Une première mondiale : un “ordinateur vivant”
FinalSpark affirme avoir développé le premier “ordinateur vivant” au monde, composé de 16 organoïdes cérébraux humains. Ces organoïdes sont des amas de cellules neuronales cultivées en laboratoire, capables de traiter et d’apprendre à partir d’informations, à la manière d’un mini-cerveau biologique.
Contrairement aux processeurs classiques en silicium, cette technologie repose sur des neurones vivants connectés à des électrodes, permettant d’envoyer, recevoir et analyser des signaux électriques. L’objectif : exploiter l’efficacité naturelle du cerveau humain pour créer une nouvelle génération de systèmes de calcul.
Une efficacité énergétique révolutionnaire
L’un des principaux enjeux de l’intelligence artificielle moderne est sa consommation énergétique massive. Les centres de données et les modèles d’IA avancés nécessitent des mégawatts d’électricité, posant des défis économiques et environnementaux majeurs.
Selon FinalSpark, ses biocomputers pourraient être jusqu’à 100 000 fois plus économes en énergie que les systèmes traditionnels. Là où des supercalculateurs consomment des quantités colossales d’électricité, ces plateformes biologiques fonctionneront avec seulement quelques watts, tout en offrant des capacités d’apprentissage prometteuses.
Neuroplatform : un accès en ligne aux cerveaux biologiques
La technologie, baptisée Neuroplatform, permet aux chercheurs d’accéder à ces biocomputers en temps réel via Internet. Pour environ 500 dollars par mois, des scientifiques peuvent louer l’accès à ces systèmes et interagir à distance avec les réseaux de neurones biologiques.
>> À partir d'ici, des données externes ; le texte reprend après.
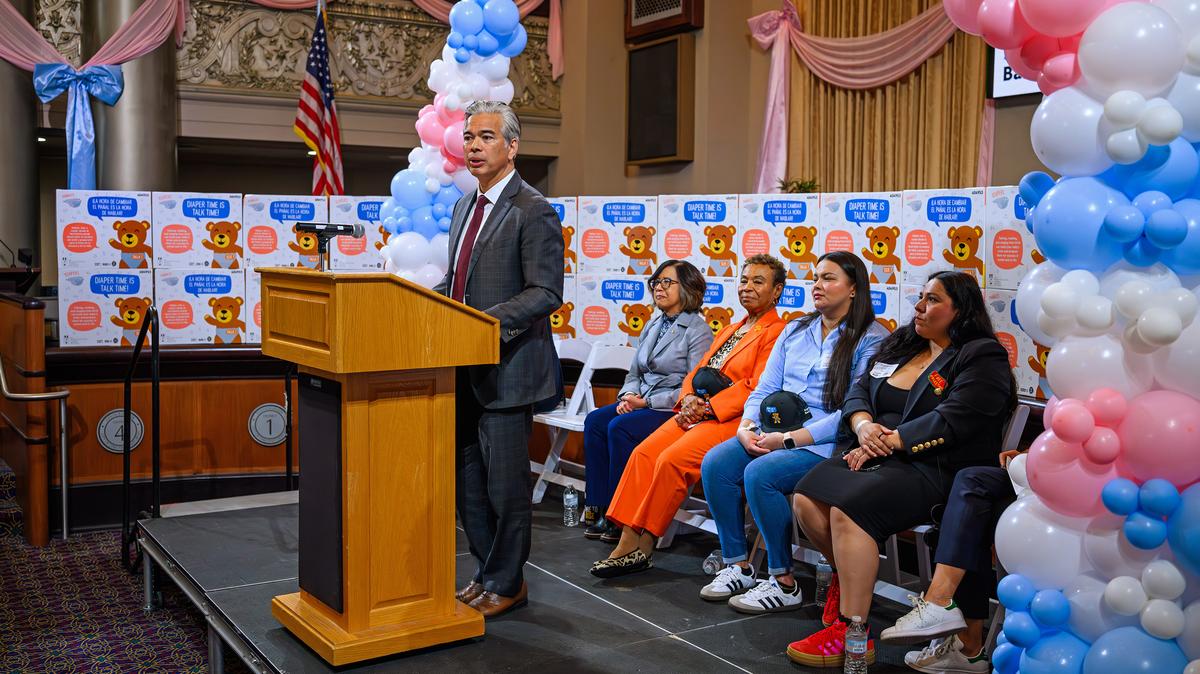California Attorney General Rob Bonta speaks during a press conference celebrating the launch of “Diaper Time is Talk Time” held at Oakland City Hall in Oakland, California, on Monday, Feb. 23, 2026. SupplyBank.org and Too Small to Fail launched an exclusive new line of diapers and wipes that will be distributed through nonprofit organizations and public organizations to families in need with young children. (Jose Carlos Fajardo/Bay Area News Group/TNS)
Concrètement, cela ouvre la voie à :
Des expériences inédites sur l’apprentissage biologique
L’exploration de nouvelles architectures pour l’IA
Le développement de systèmes hybrides combinant biologie et informatique
Chaque configuration a une durée de vie d’environ 100 jours, durant lesquels les organoïdes doivent être maintenus dans des conditions strictes : nutriments, fluides, stérilité et contrôle de température.
Une convergence entre cerveau et machine
Pour Fred Jordan, fondateur de FinalSpark, cette approche représente une nouvelle voie pour le développement de l’IA. Plutôt que d’augmenter indéfiniment la puissance des puces en silicium, l’entreprise propose de s’inspirer directement du fonctionnement du cerveau humain, reconnu comme l’un des systèmes de calcul les plus efficaces connus.
Cette convergence entre neurosciences et intelligence artificielle pourrait, à terme, :
Réduire l’empreinte carbone de l’IA
Accélérer certaines formes d’apprentissage machine
Ouvrir la voie à des systèmes de calcul biologiques hybrides
Enjeux éthiques et questions ouvertes
Si la technologie suscite un fort intérêt scientifique, elle soulève également des questions éthiques majeures. L’utilisation de cellules cérébrales humaines pour le calcul pose des interrogations sur les limites entre machine, biologie et conscience, même si ces organoïdes ne sont pas considérés comme conscients.
Les débats autour de la bio-informatique, de la responsabilité scientifique et de la réglementation devraient s’intensifier à mesure que ces technologies se développent.
Une innovation qui pourrait redéfinir l’avenir de l’IA
Avec cette initiative, FinalSpark positionne la Suisse comme un acteur clé dans la recherche sur les biocomputers et l’IA biologique. Si les promesses se confirment, cette technologie pourrait marquer un tournant majeur dans la manière dont l’intelligence artificielle est conçue, entraînée et déployée à l’échelle mondiale.